For the past month or two, the perpetually gaunt Bev has been fussing that her “pants have been feeling tight” and that she has had “a bloated sensation” after every meal. I suggested to her that perhaps she was at long last gaining weight and was just not used to the extra padding in her midsection. She adamantly disagreed with me and babbled on and on about how she has worn the same few pairs of pants for the past twenty years - um, eewww! She was very obstinate that, although she tries, she simply CANNOT GAIN WEIGHT. Never. Ever. I explained to her that since she has been at the assisted living place, she has eaten three meals every day, and she never, ever did that before. And she gobbles down bags of candy and cookies on a weekly basis, and she never, ever did that before, either. I implied that she was merely getting chubby, but she insisted that something hideous was obviously wrong with her because her stomach never used to bulge out like it currently does. Bear in mind that when she lived at her house, meals consisted of coffee for breakfast, soup broth for lunch, and a cookie or two for dinner. If that.

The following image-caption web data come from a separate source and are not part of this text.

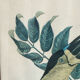 Gravure, Toucan Ariel, Descourtilz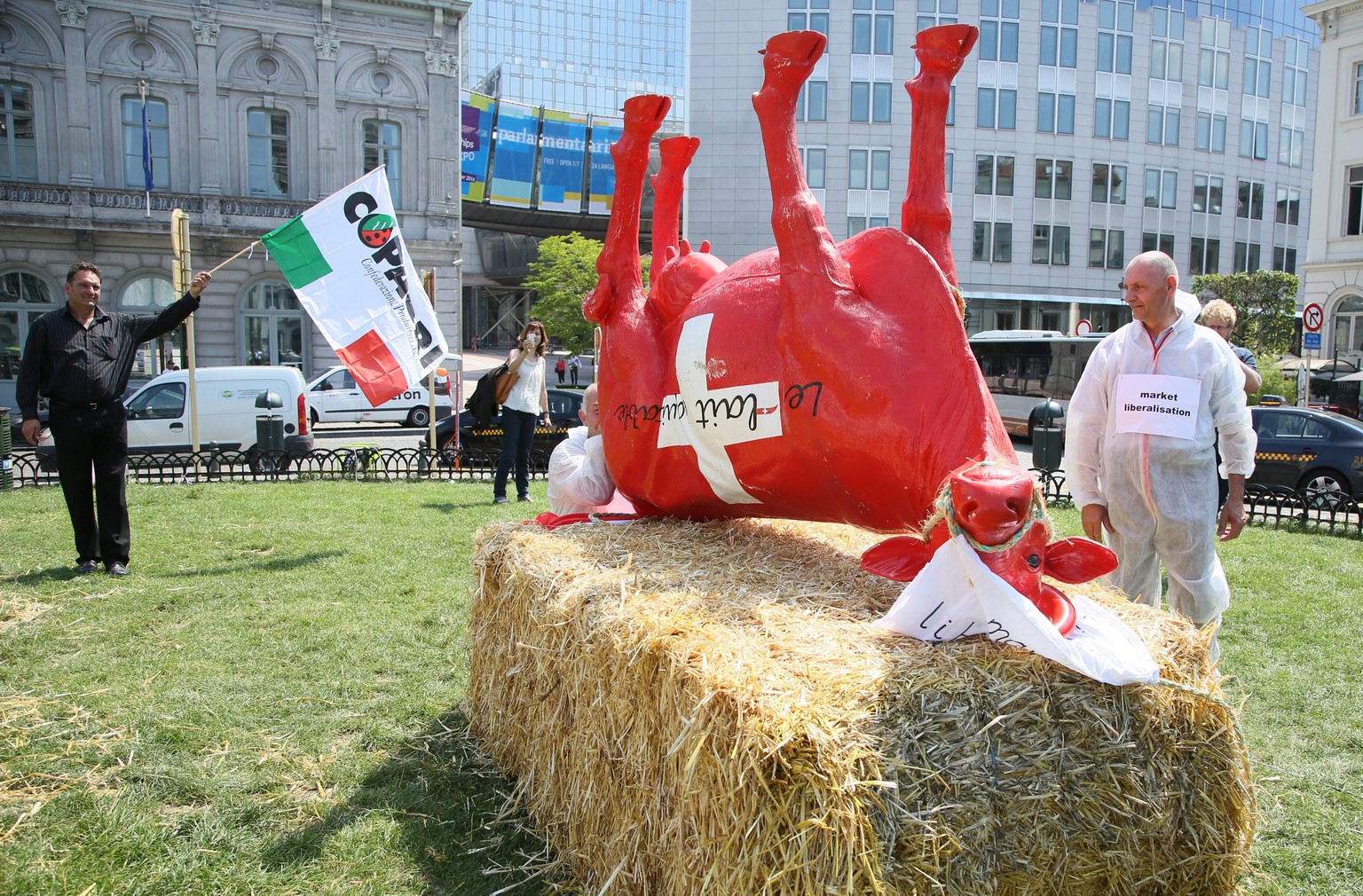 Die rot-weisse Schweizer Kuh hat gemäss den Milchbauern bereits vor der Liberalisierung kapituliert.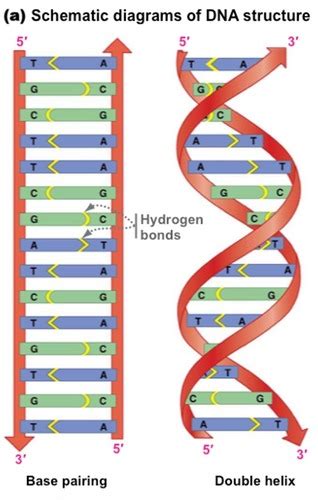 Biology chapter 16 (TO BE CONTINUED) Flashcards | Quizlet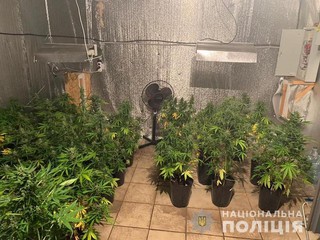 Злоумышленник арендовал дом в одном из сёл Киевской области, где он устроил наркотеплицу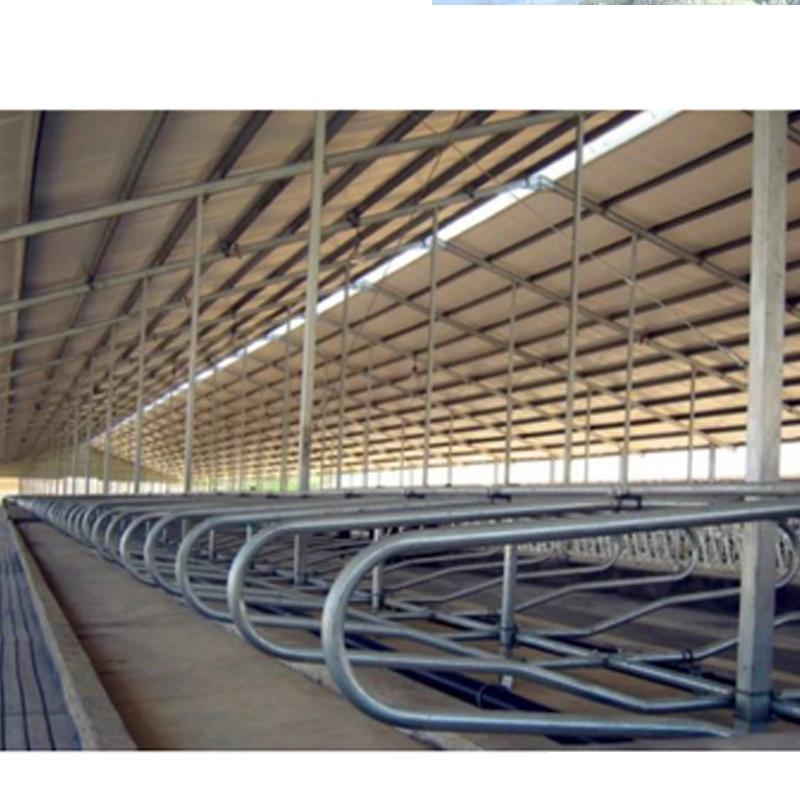 Hot DIP Galvanized Customizable Cattle Farm Equipment Livestock Cage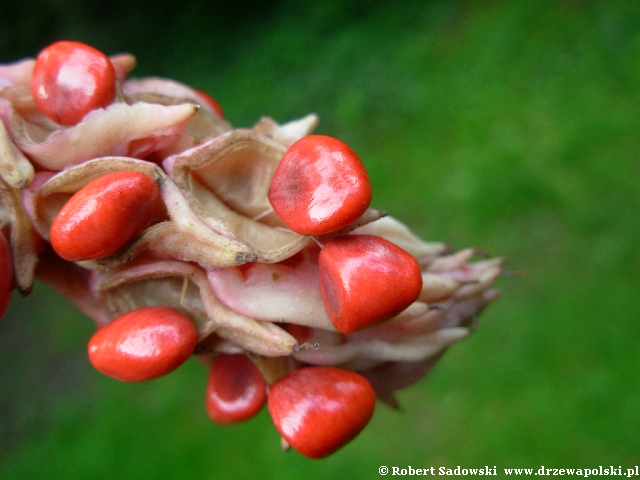 Magnolia Wilsona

Well, Bev grumbled to the on-staff physician at the assisted living place so much that he finally told her to go ahead and see a gastrointestinal specialist. Jim made Bev an appointment and took her to the gastro guy last week. One of Bev’s numerous Alzheimer’s gaffes for that day occurred when she wrote the year as “1988” on the forms she was filling out at the doctor’s office. Jim’s gaffe for that day occurred when he actually let her fill out her own paperwork. Anyway, when Bev first entered the hospital back in July, she weighed 79 pounds, and proceeded to lose weight while she was a patient there. She looked skeletal, and, trust me; skeletal is not a good look. Miraculously, she weighed in at 98 last week! So, my previously scrawny, emaciated mother-in-law is finally getting some meat on her bones, yet she is still baffled as to why her size extra-small sweats seem tight. I will just have to purchase some larger pants for her (a size small this time, perhaps?), and humor her that she simply needed a few new pairs of sweats to replace her decades-old ones. Then she can continue complaining how she simply never, ever gains weight, but, gee, at least her pants don’t feel tight anymore and that bloated sensation is gone. Maybe she will even give up the idea that her fleshy tummy is the result of some horrid disease. Hey, lady, welcome to the world of the flabby.

2 comments:

Eric said...

I don't claim to know everything. However, I DO know that you never tell a woman when she's gained weight. I'm glad to hear that she has packed on a few though. 79 lbs is just insane.

LINDA said...

Just more proof that Bev is far from a normal woman. As long as I have known her, she has complained incessantly because she could not gain weight. She WANTS to gain weight. Now that she has, though, she doesn't realize it.